Some, Cost among them, may bill Mitt Romney as a weak frontrunner, but, as Rosen reminds us, Obama is not as strong a presence as some of his followers suggest:
While Obama’s champions heralded his election as ringing in a permanent progressive majority, they ignored the fact that (as Trende puts it) “in the midst of probably the most favorable election year environment for a party since 1952—if not 1932,” Obama won by a smaller margin than George H. W. Bush in 1988 and Bill Clinton in 1996.

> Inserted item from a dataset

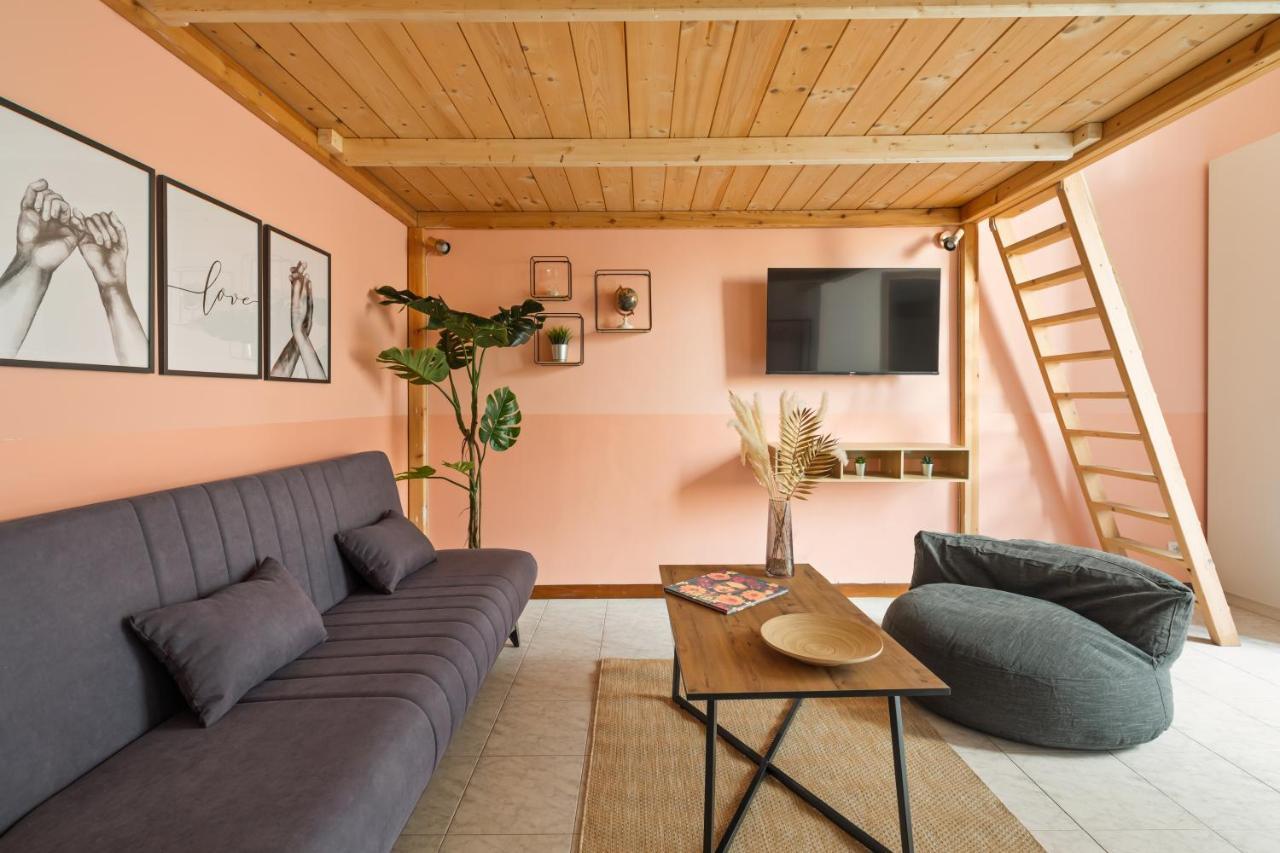 Imperial Nazionale Apartment Rome Luaran gambar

Little wonder, then, that the Democrats in 2010, after governing for two years from the left, sustained the worst midterm losses of any party since 1938, losing the most seats precisely among those suburban, working-class white, and Southern districts Clinton and company had so assiduously pried from Republican hands two decades earlier.
It wasn’t just a favorable environment for Obama, with the market meltdown and the ineptness of his opponent’s campaign, it was also his masterful use of easily manipulated media and his sizable campaign war chest, his expenditures dwarfing McCain’s.
Obama won over many independent voters by promising to end the profligate ways of the Bush Republicans, with his much touted (and never realized) “net spending cut.” That is perhaps why, with the mainstream media trumpeting an anemic recovery as the equivalent of the Reagan boom, his poll numbers barely reach 50% — in surveys which oversample Democrats.
He is not going to win back some of the voters he won over in 2008, the only question remaining is whether the eventual Republican nominee can convince those inspired by Obama’s promise that he can undo the Democrat’s mistakes.